This book is immensely helpful for those of us who are confused about why the outcome of our faith tradition hasn't looked much like the kingdom of God that Jesus taught us about. Matt and Ben help us examine the cultural glasses we've brought to Scripture that have obscured Jesus' good news, and they illuminate how Scripture invites us into a healing transformation of ourselves and our communities.

Krispin Mayfield, author of Attached to God

Perhaps we are faithful Christians who have tried Christianity and found it wanting. But what if we were given the wrong lenses with which to view God, the gospel, and life? What if our spiritual eyesight is off? Ben Sternke and Matt Tebbe function as eye doctors offering eight axioms, not formulas, by which to live. These serve as corrective lenses that guide us toward honest and more intimate communion with God and embodiment of the gospel. This book is personal, crystal clear, and especially needed for those of us who long for more, to know and be known by God, and to be disciples of Jesus.

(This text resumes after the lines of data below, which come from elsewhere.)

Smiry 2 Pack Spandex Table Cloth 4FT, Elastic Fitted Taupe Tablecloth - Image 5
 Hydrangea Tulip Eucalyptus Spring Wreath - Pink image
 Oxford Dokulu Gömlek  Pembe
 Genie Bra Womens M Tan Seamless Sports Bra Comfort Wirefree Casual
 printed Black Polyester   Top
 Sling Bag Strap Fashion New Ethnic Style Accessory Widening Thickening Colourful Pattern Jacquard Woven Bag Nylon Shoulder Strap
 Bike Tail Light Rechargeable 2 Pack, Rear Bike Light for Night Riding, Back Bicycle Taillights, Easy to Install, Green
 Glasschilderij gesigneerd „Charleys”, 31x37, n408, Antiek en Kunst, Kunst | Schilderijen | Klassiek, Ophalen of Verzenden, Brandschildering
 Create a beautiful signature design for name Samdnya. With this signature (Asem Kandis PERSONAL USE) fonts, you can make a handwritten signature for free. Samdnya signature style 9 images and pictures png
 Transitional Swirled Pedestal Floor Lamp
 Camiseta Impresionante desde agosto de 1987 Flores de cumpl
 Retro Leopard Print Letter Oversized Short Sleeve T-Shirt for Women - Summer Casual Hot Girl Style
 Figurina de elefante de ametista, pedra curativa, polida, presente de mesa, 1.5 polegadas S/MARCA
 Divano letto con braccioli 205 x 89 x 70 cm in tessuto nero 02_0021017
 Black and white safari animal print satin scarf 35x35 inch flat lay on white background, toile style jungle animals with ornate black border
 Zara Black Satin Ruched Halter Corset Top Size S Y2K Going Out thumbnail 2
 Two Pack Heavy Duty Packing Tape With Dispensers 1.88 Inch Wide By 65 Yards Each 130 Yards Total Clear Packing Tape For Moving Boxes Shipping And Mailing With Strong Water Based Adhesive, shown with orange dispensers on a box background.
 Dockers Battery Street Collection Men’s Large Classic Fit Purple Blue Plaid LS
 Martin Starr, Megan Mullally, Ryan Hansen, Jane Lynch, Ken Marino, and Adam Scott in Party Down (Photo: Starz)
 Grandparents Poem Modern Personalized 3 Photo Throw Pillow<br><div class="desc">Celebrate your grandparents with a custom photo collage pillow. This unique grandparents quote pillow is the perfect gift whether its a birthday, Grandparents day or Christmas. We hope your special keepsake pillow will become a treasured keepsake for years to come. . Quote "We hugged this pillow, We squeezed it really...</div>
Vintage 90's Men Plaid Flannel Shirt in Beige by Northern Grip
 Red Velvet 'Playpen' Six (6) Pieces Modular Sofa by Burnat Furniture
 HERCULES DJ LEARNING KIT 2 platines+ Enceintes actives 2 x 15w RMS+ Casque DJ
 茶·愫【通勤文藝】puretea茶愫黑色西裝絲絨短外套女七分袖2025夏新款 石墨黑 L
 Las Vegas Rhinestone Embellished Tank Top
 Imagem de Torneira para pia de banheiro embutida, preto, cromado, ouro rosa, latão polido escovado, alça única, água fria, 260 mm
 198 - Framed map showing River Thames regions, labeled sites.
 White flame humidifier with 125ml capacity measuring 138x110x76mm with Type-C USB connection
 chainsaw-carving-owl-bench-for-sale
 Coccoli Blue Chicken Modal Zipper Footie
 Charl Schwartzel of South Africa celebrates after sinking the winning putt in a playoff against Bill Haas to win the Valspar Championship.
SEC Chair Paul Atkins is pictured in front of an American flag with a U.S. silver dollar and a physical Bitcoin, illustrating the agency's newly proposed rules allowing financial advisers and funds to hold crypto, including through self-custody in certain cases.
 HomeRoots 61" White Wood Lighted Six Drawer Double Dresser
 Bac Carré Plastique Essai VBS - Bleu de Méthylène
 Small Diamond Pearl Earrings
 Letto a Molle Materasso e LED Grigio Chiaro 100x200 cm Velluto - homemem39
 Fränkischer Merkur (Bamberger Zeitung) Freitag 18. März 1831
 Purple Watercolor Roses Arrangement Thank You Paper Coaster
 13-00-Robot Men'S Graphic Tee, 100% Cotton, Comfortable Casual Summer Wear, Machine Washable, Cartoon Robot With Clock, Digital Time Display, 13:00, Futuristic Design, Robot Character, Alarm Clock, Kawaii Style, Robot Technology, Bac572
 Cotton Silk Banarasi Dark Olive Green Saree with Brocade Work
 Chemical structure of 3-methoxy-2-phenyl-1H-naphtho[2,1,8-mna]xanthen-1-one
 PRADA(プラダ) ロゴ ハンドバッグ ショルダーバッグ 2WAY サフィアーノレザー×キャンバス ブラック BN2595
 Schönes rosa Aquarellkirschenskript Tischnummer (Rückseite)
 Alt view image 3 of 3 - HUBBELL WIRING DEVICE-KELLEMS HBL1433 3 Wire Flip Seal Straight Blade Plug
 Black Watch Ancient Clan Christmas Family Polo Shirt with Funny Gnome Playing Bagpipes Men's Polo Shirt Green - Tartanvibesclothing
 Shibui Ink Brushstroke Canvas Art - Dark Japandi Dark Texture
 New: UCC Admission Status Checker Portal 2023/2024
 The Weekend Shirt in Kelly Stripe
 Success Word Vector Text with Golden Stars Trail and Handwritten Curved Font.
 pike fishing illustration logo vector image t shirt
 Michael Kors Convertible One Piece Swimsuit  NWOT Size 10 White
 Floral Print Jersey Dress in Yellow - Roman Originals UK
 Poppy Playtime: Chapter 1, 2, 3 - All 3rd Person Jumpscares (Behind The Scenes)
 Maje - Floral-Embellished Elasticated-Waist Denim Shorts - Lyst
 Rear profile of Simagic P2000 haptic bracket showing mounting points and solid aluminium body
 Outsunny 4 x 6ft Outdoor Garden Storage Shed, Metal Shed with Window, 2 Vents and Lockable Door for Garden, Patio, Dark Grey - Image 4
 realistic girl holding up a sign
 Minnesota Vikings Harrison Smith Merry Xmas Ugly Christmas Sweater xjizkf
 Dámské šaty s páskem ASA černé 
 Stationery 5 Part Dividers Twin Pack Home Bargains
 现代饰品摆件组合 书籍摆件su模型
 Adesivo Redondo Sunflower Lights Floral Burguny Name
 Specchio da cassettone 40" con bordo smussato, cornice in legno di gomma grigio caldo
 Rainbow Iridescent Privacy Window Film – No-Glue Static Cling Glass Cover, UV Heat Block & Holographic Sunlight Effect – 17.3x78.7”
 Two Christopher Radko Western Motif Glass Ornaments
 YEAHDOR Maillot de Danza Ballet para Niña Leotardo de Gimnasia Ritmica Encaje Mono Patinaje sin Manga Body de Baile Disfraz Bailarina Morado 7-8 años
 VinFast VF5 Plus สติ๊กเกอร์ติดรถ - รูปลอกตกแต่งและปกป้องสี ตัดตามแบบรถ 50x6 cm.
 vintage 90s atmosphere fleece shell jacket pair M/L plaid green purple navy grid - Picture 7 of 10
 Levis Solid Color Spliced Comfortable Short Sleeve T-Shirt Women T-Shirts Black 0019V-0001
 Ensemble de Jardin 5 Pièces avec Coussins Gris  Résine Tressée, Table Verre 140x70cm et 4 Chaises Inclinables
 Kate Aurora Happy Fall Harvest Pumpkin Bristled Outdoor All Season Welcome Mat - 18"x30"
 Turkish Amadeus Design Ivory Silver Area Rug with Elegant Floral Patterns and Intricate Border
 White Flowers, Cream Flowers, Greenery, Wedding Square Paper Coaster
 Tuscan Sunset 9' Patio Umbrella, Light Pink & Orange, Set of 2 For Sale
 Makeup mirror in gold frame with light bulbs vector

Marlena Graves, author of The Way Up Is Down: Becoming Yourself by Forgetting Yourself

Ben Sternke and Matt Tebbe have hit it out of the park. I've participated in their leadership cohort, which is excellent, and reading their book is the next best thing to being their student and friend. They've put fresh words to Scripture and experience; they help me see Jesus at work in myself and others in fresh ways. A must-read to see why and how authentic spiritual formation must come before we baptize the latest secular trend on leadership.

Mako Nagasawa, director of the Anástasis Center for Christian Education and Ministry

It has been rightfully said that 'most people do not see things the way they are; most see things the way they are.' In this formational resource, Ben and Matt do the hard work for us to help us re-see what has perhaps become stale, familiar, or filtered through the culture in which we live. In it they awaken us to new imagination toward the sacredness of life.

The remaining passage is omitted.